After a well earned nap back at the hotel, we joined the rest of the guests to watch the Opening Ceremony of the World Cup and then the England v Fiji game. We needed a big sleep after that because we were on our way to Inverness in the morning.

Posted by Ian.jenny 09:38 Comments (0)

Day 39


We were up a bit earlier today as we had to pick up our car from the Edinburgh Waverley Railway Station. On the way we had a quick look at the Murrayfield rugby ground even though there are no RWC games played there.


Once we were on the journey we had a good look at parts of Edinburgh we hadn't seen before. It is a lovely city, full of history and remarkable buildings, and we wished we had more time to visit. We will probably come back!
It was a great drive north. We passed through cities and towns with familiar names - Dunfermline, Rosyth, Kinross, and we liked the scenery on the M90 north. We turned off before Dundee for the highlight of the day, St Andrews. It was a fascinating journey to the coast, passing old villages obviously based around farming and most with a large, wealthy-looking estate at the centre. And then, there ahead of us, was the Old Course itself. The number of visitors was phenomenal and it was difficult to get to the car park in amongst the hordes of tourists. We spent two hours there, had some lunch, bought some memorabilia, and wandered around the 18th hole and clubhouse.


Unfortunately we didn't have time for a game of golf and would never have got a tee time on the championship course anyway. The museum staff explained that you need several days advance bookings to stand a chance. The day was perfect as well which is not always the case as explained to us by the experts. So it was with regret that we were on the road again to Inverness. What a journey this, through the Highlands of Scotland, a dream come true. We were true Highlanders, admiring the haunting, barren hills and admiring the heather, although it wasn't at its bloomin' best! My grandfather was born and lived for a time in the Highlands and I wished I knew more about where that was.


However, we enjoyed the car trip and arrived late in the afternoon in Inverness. We made ourselves at home in our quaint B&B and set out later in the evening to have a meal in an Inverness restaurant with Gordon Beaton's parents, France's and Angus. Then it was home to bed to prepare for our venture to the most northerly part of Scotland.

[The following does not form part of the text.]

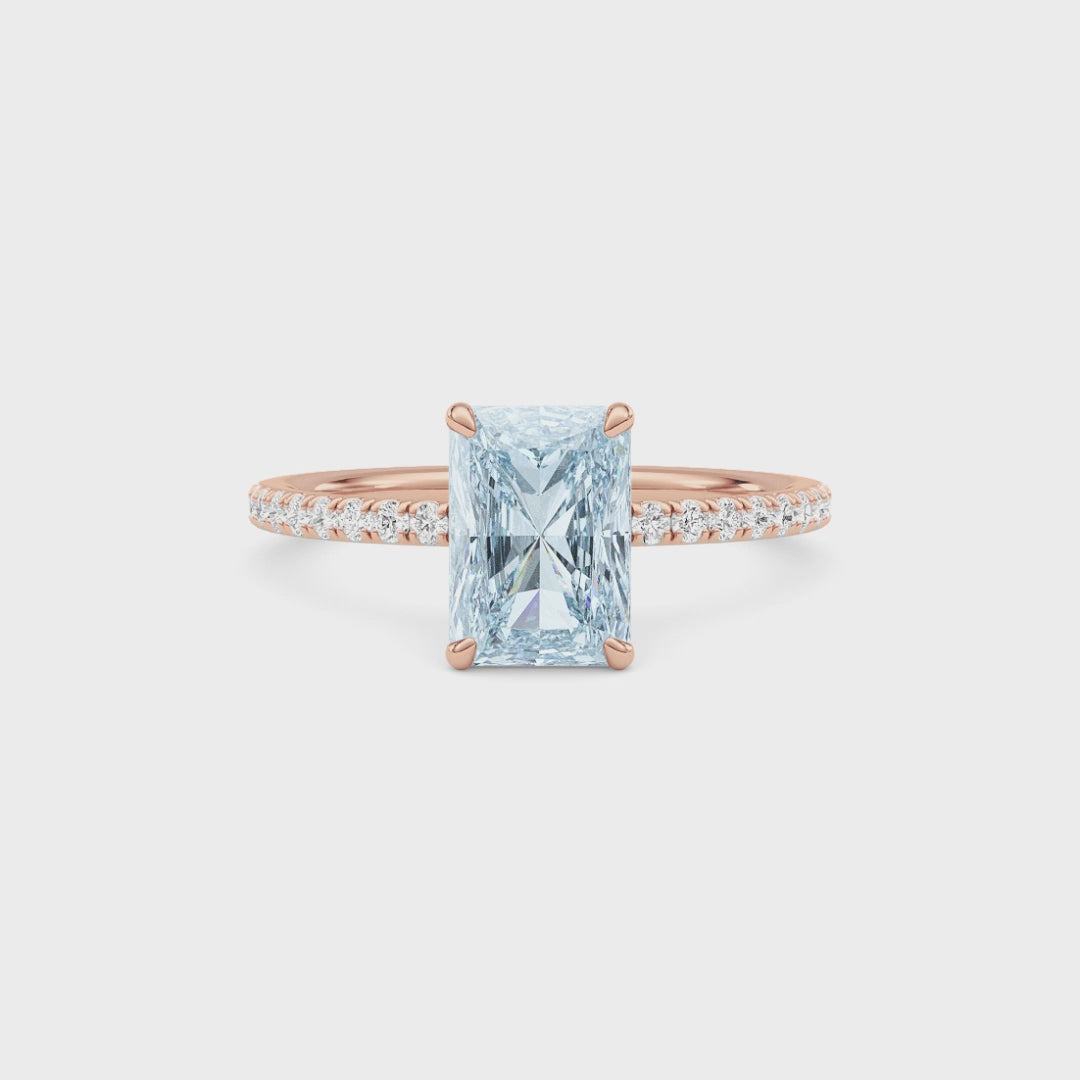 Rose gold Fancy Blue Radiant Cut Diamond Solitaire with Pavé Band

Posted by Ian.jenny 09:13 Comments (0)

Day 40


What a day for the history books! After leaving Inverness early in the morning we took the road to Thurso and Wick. These names revive strong memories of my Morrison grandparents and it was appropriate that we were going to stay with my cousin, Kim and his wife Jenny who lived just a few minutes out of Thurso. It was fascinating to watch the countryside change to the rugged barrenness of the far north of Scotland, to see the Highland cattle, the black swamp areas, and the low hills covered with heather, past its prime but still so much Scotland. It was great to see Kim again. We hadn't seen each other for about 17 years so it was an emotional reunion. After they had settled us in their lovely little house, we hopped into their new Kia and travelled through Thurso to Canisbay, the site of my Grandma Morrison's childhood. The Nicolson family farmed bear the village on a place called Seatter Farm. It was still there, crumbling and slowly being engulfed by vegetation but still recognisable as a home. It brought a shiver down the spine to wander around and picture Grandma living there. I had some time to myself to reminisce and feel quite emotional.


We drove through Canisbay village where Grandma went to school and ended up in the Canisbay churchyard where we found several tombstones of the Nicolson family. It was fascinating to read some of the names I knew and others that I didn't. It encouraged me to search further.


We ended the afternoon at Dunnet Head which turned to be further north than John O'Groats. Like Canisbay, it was an exposed, bare landscape, both beautiful and daunting. With several islands just off a wild coast, you could see why some people chose to live there. Not that we were tempted. A great place to visit, awesome views,, but too cold and windy and it was summer!


We were then back to Kim and Jenny's cottage where they prepared us a fine tea and we spent the evening pouring over old photos and documents of the Morrison clan.